RNA extraction and quantitative reverse transcription polymerase chain reaction (qRT-PCR) of candidate genes

The real leaves of M17 and RA9 seedlings growing for about 45 days were used to extract RNA, and total RNA was extracted using an RNAiso Plus kit (Takara Bio, Shiga, Japan). Subsequently, cDNA was synthesized by reverse transcription using an M-MLV kit (Promega, Madsion, WI, USA) and stored at − 20℃ for further use. qRT-PCR was performed on a CFX96™Real-Time instrument (Bio-Rad Laboratories, Hercules, MA, USA), and the reaction system was configured according to the instructions of GoTaq qPCR Master Mix (Promega). RsActin (Rsa4g054100) was used as the internal reference17, and the relative expression of the target genes was calculated using the 2−ΔΔCt method41. qRT-PCR of each sample was performed with at least three biological replicates. The primers used for qRT-PCR are listed in Supplementary Table 1.

Data analysis

The chi-square test was used to calculate the proportion of plant segregation in each generation using the SPSS software. For the analysis of the significant difference between the data, two-tailed student’s t-tests were performed using the SPSS software compared to control. Data are presented as the mean ± SE.

Results

The F2 generation resulting from the hybridization of RA9 and M17 showed a clear segregation of traits

In this study, we used M17 and RA9, which are two pure lines with contrasting real leaf color, purple and green, the content of anthocyanins in purple leaves is about twice that of green leaf varieties, but no discernible difference in fleshy roots or plant height and width (Fig. 1A,B, Supplementary Fig. 1, Supplementary Table 2).

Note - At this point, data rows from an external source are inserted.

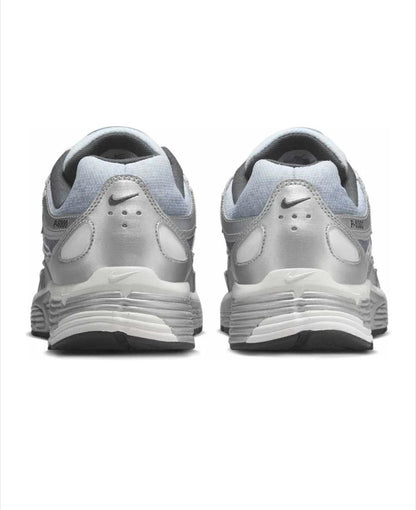 Nike P-6000 - Metalic Silver/Wolf Grey
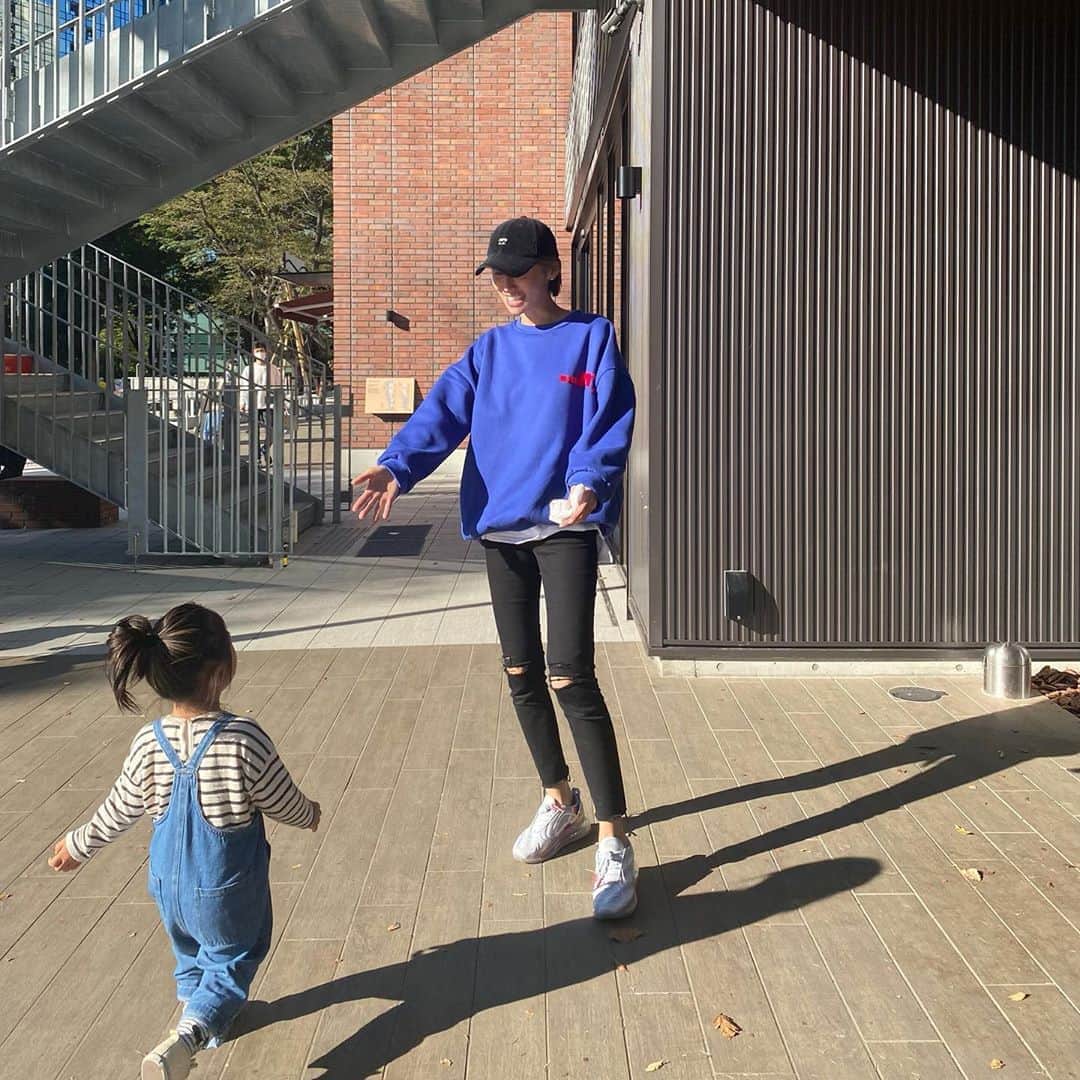 &mのインスタグラム：「平日は頑張ってスクールに行ってるから土日はおもいっきり大好きな友達と好きなことさせてあげたい🥳 体力つかうけど、わたしの癒しの時でもある🥰」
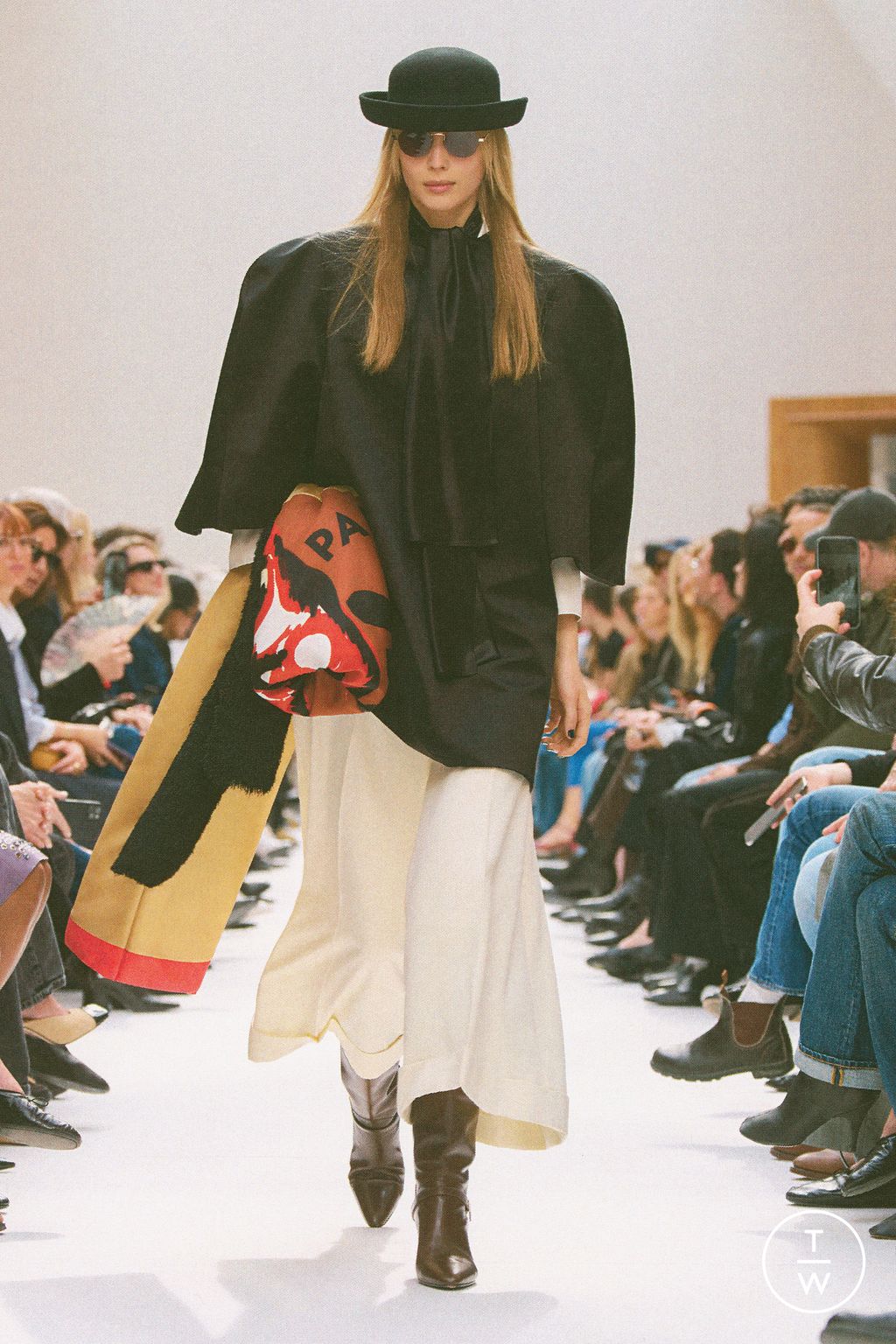Fashion Week Paris Fall/Winter 2026 look 11 from the Celine collection 女装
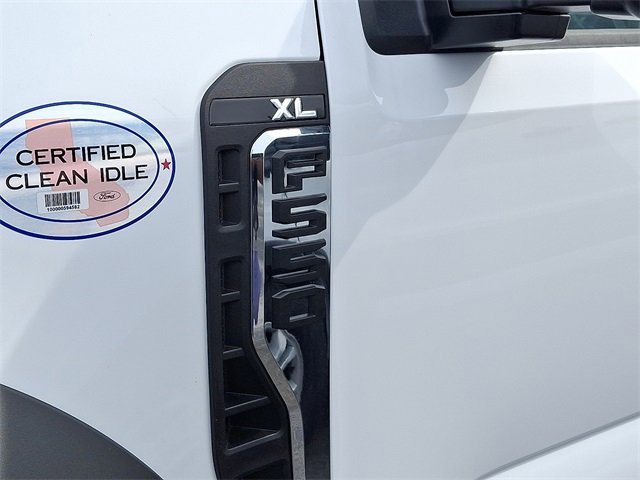 2026 Ford F-550 XL photo 4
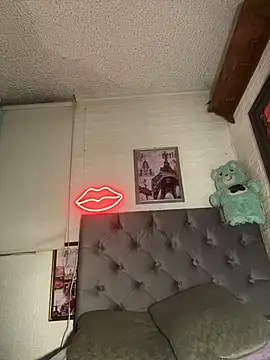 SALOME_KORLAND élő XXX-chatje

To investigate the genetic mechanism responsible for this leaf color, we obtained different generation populations (selfed, F1, F2, BC1, and BC2) and observed distinct character separation into three groups in the F2 generation —purple, pale purple, and green (Fig. 1C). Measurement of the anthocyanin content in these groups revealed that the anthocyanin content was highest in purple leaves, followed by lavender, and lowest in green leaves (Fig. 1D).

Fig. 1
figure 1

Leaf color and anthocyanin content of M17, RA9 and the F2 generation plants. Purple leaves of M17 and green leaf of RA9 (A). Leaf anthocyanin content of RA9 and M17 (B). F2 generation plants with purple, pale purple, and green leaves (C). Leaf anthocyanin content of three types of F2 generation plants (D). ** p < 0.01; two-tailed t-test; data represents the mean ± SE, Bar in the figure represents 1 cm.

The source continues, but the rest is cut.